Problem to solve =>
Make an exact copy of every entry below, with the pictures left out.

+++ Supplied entries

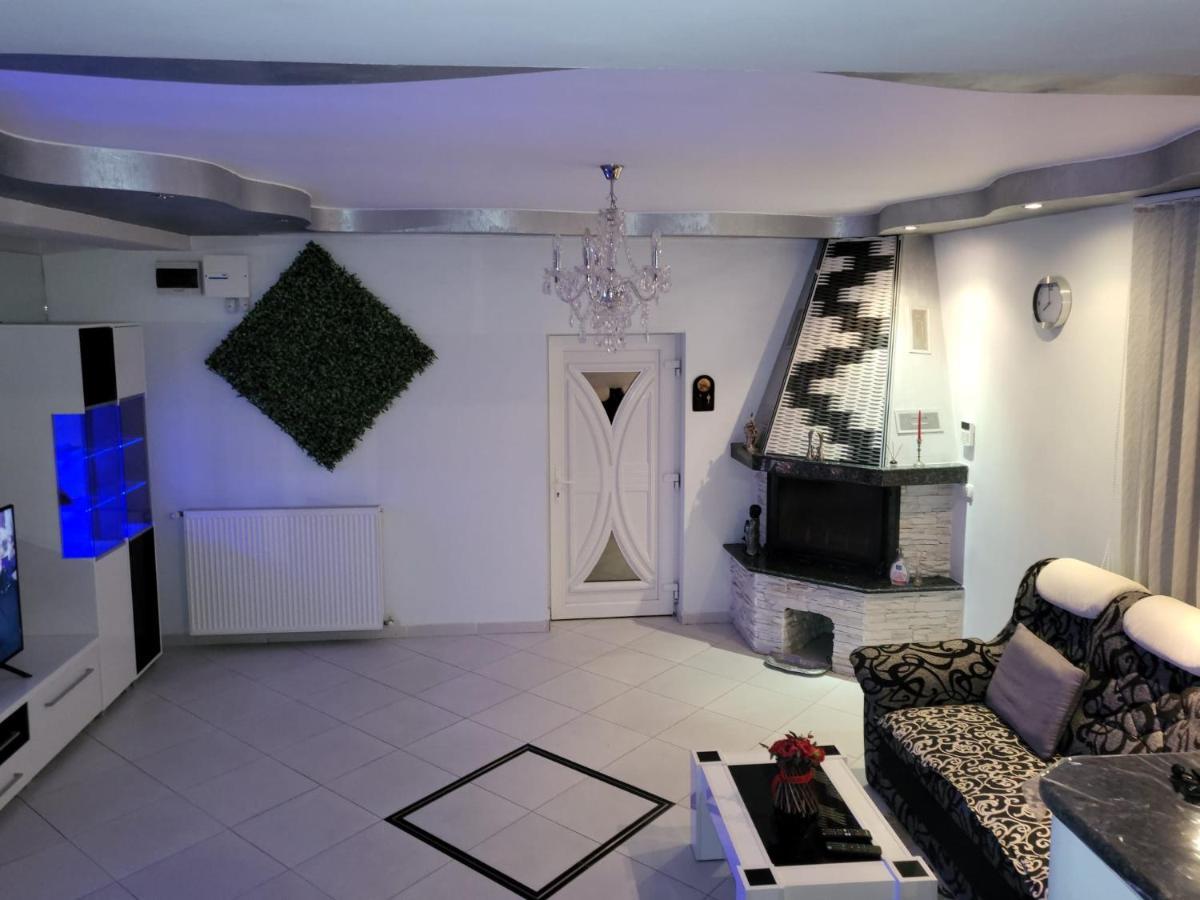 Vila Ana Cu Terasa Gratar Si Jacuzzi Villa Satu Mare Esterno foto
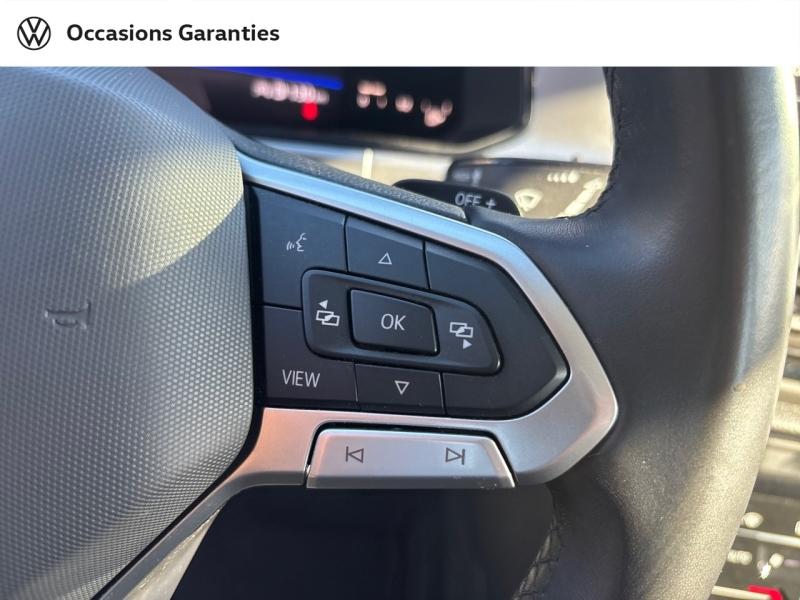 Voitures occasions VOLKSWAGEN T-ROC Life Business Thionville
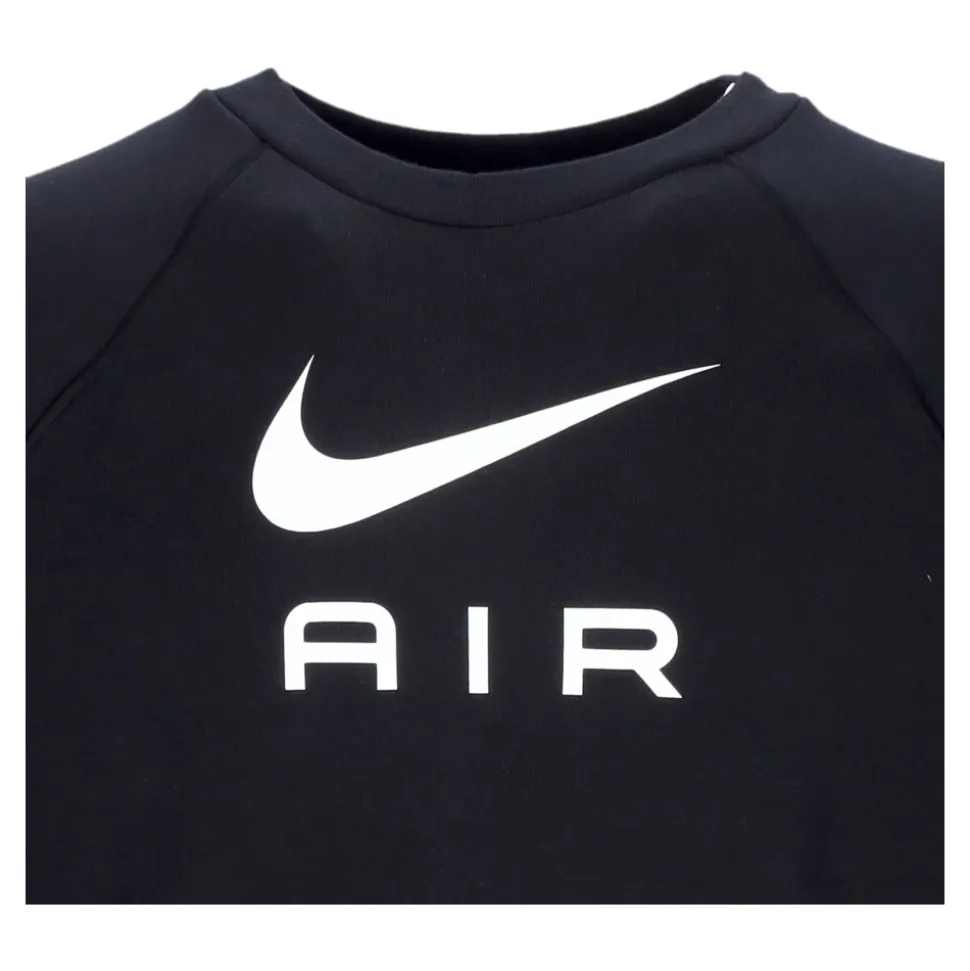 Light Crew Neck Sweatshirt Air French Terry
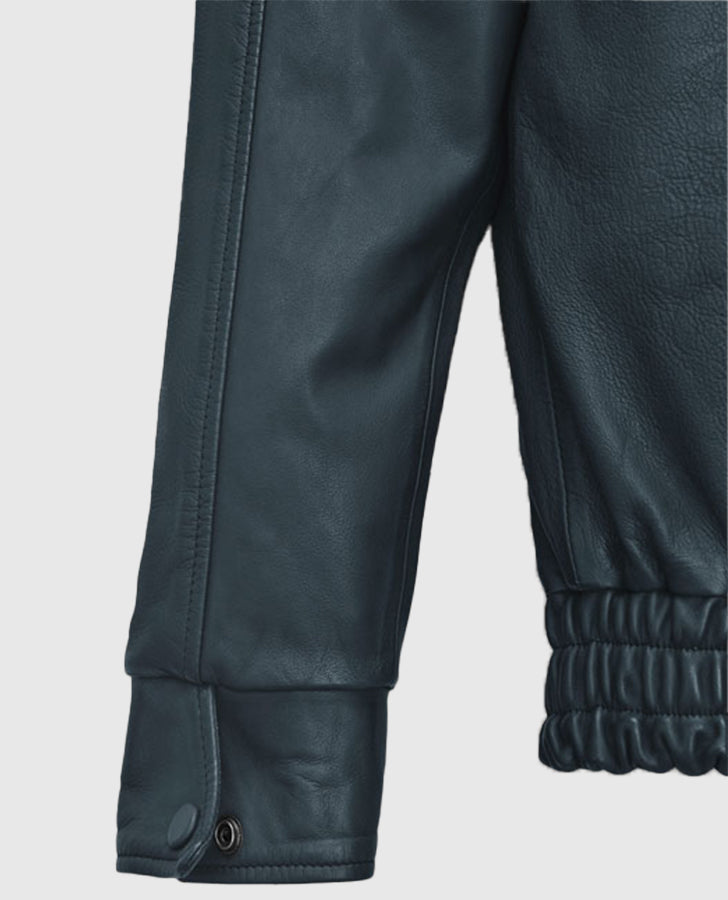 Ryan Gosling Leather Jacket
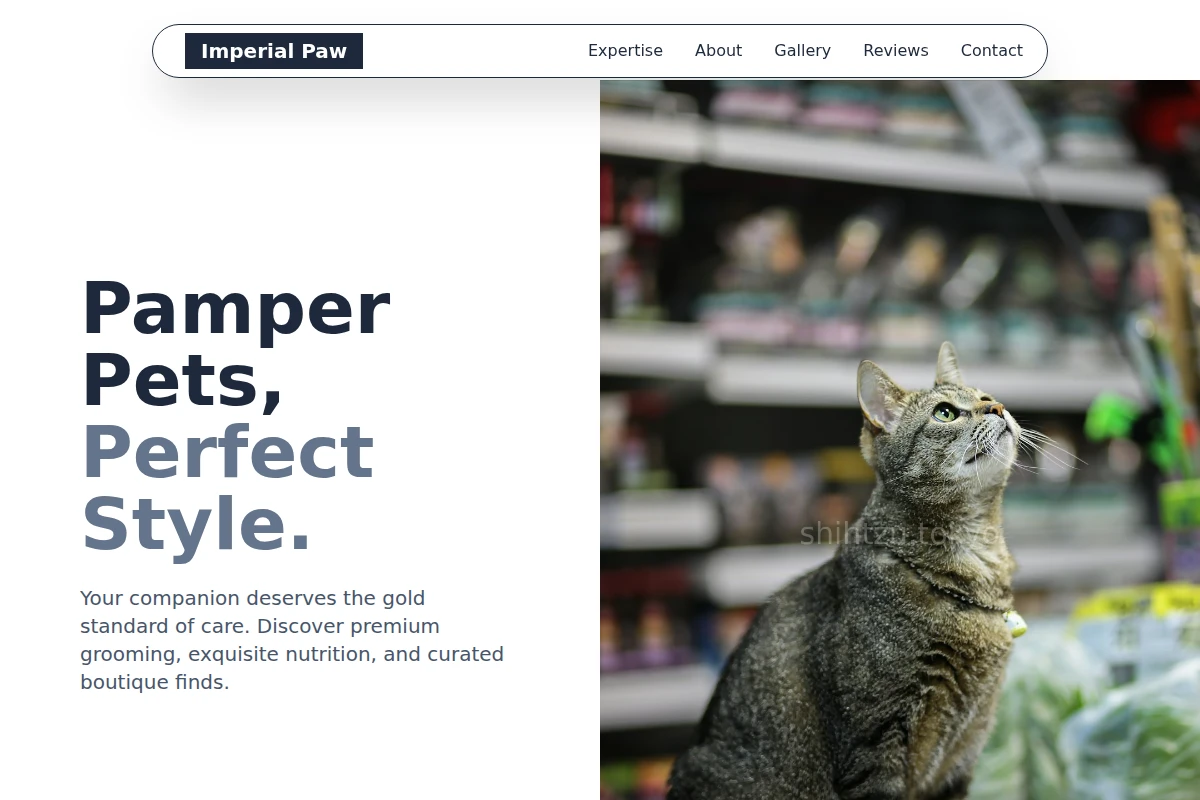 PetGrace Pet Shop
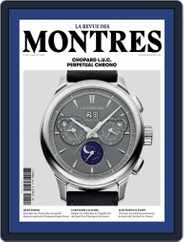 La revue des Montres (Digital) Subscription                    January 1st, 2022 Issue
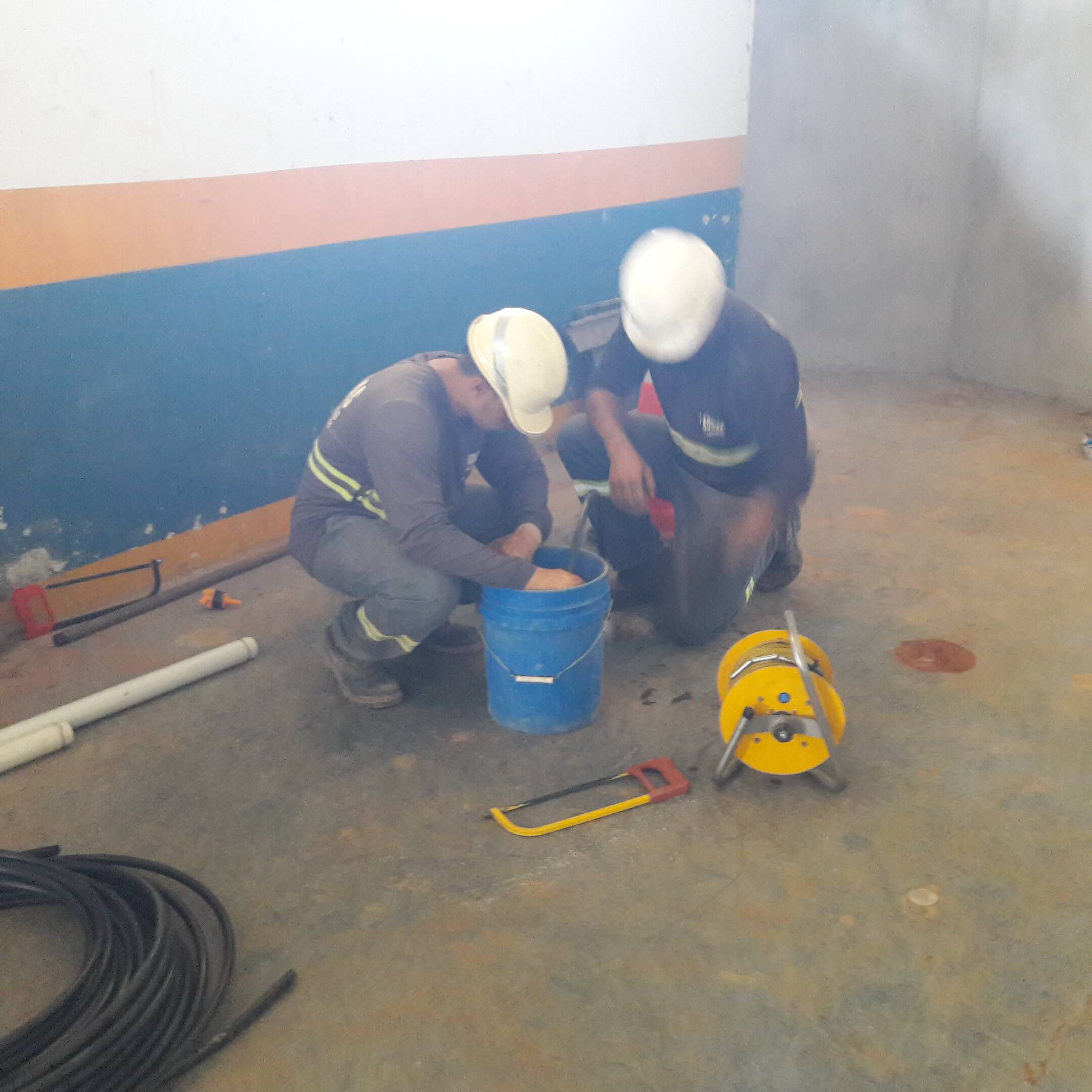 Serviço de Avaliação de Passivos Ambientais no Rio de Janeiro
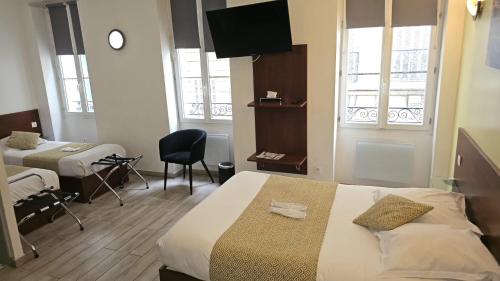 Massilia hôtel - image 2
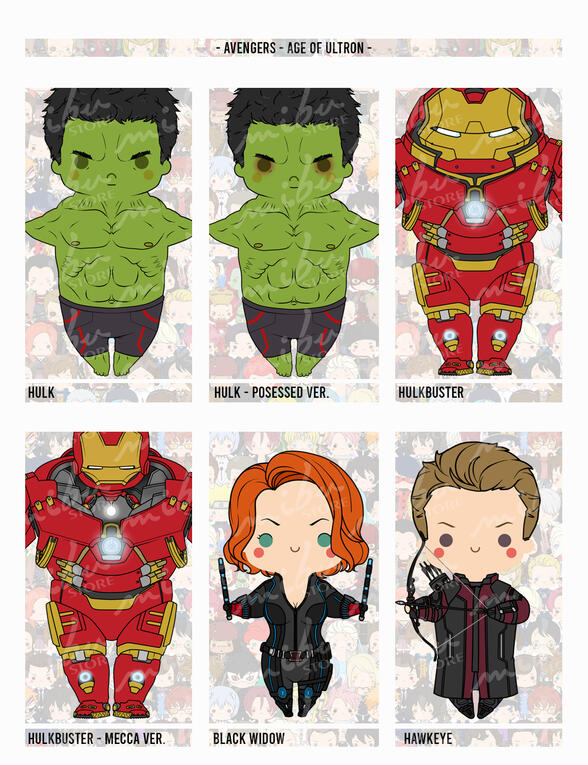 AVENGERS - ULTRON - 2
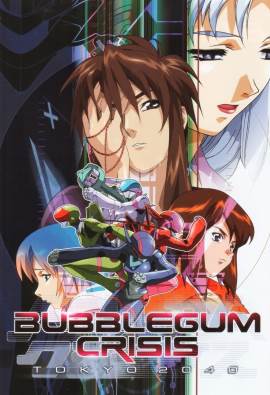 Bubblegum Crisis: Tokyo 2040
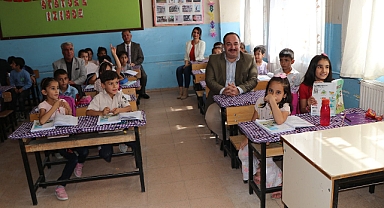 Başkan Ekinci’den yarıyıl mesajı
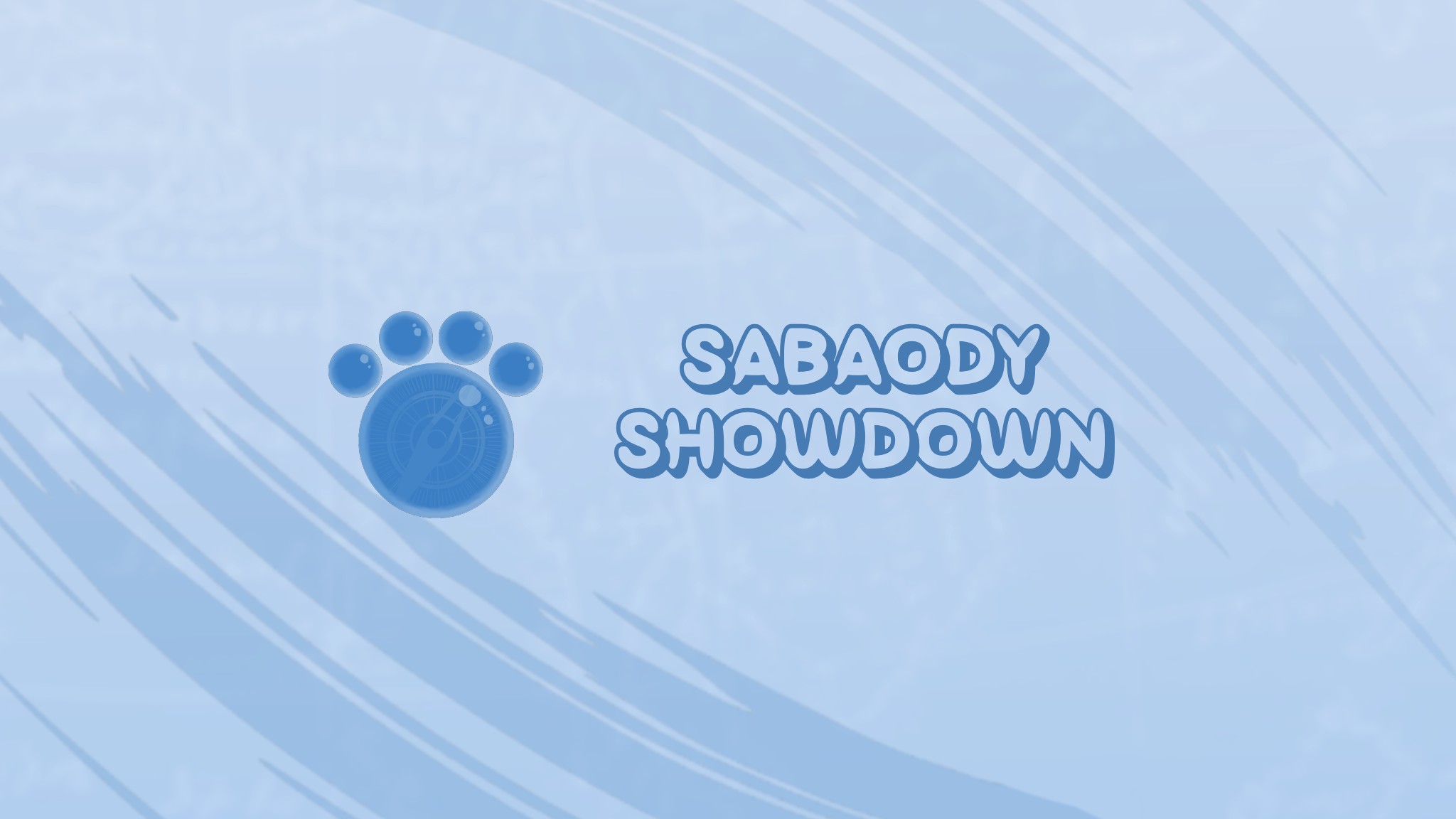 Sabaody Showdown Banner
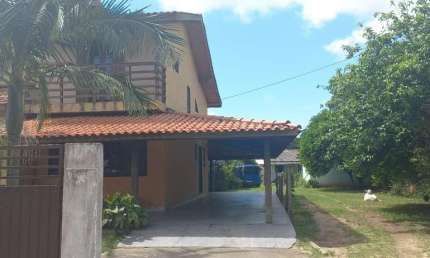 Casa com 5 quartos à venda na Rua Expedicionário Braz Laurindo de Souza, 257, São João do Rio Vermelho, Florianópolis, 161 m2 por R$ 1.219.000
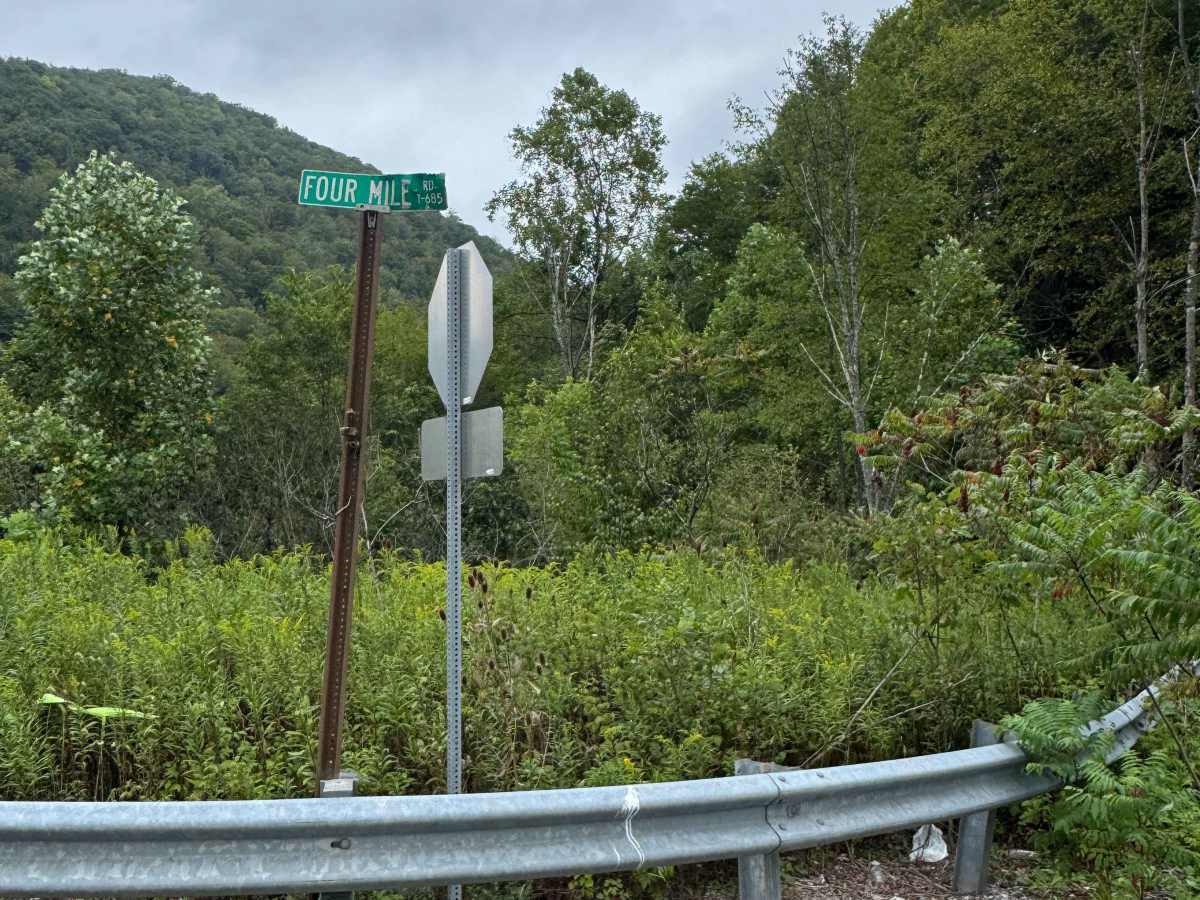 Four Mile Road photo 2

++++++

Task result =>
 Vila Ana Cu Terasa Gratar Si Jacuzzi Villa Satu Mare Esterno foto
 Voitures occasions VOLKSWAGEN T-ROC Life Business Thionville
 Light Crew Neck Sweatshirt Air French Terry
 Ryan Gosling Leather Jacket
 PetGrace Pet Shop
 La revue des Montres (Digital) Subscription                    January 1st, 2022 Issue
 Serviço de Avaliação de Passivos Ambientais no Rio de Janeiro
 Massilia hôtel - image 2
 AVENGERS - ULTRON - 2
 Bubblegum Crisis: Tokyo 2040
 Başkan Ekinci’den yarıyıl mesajı
 Sabaody Showdown Banner
 Casa com 5 quartos à venda na Rua Expedicionário Braz Laurindo de Souza, 257, São João do Rio Vermelho, Florianópolis, 161 m2 por R$ 1.219.000
 Four Mile Road photo 2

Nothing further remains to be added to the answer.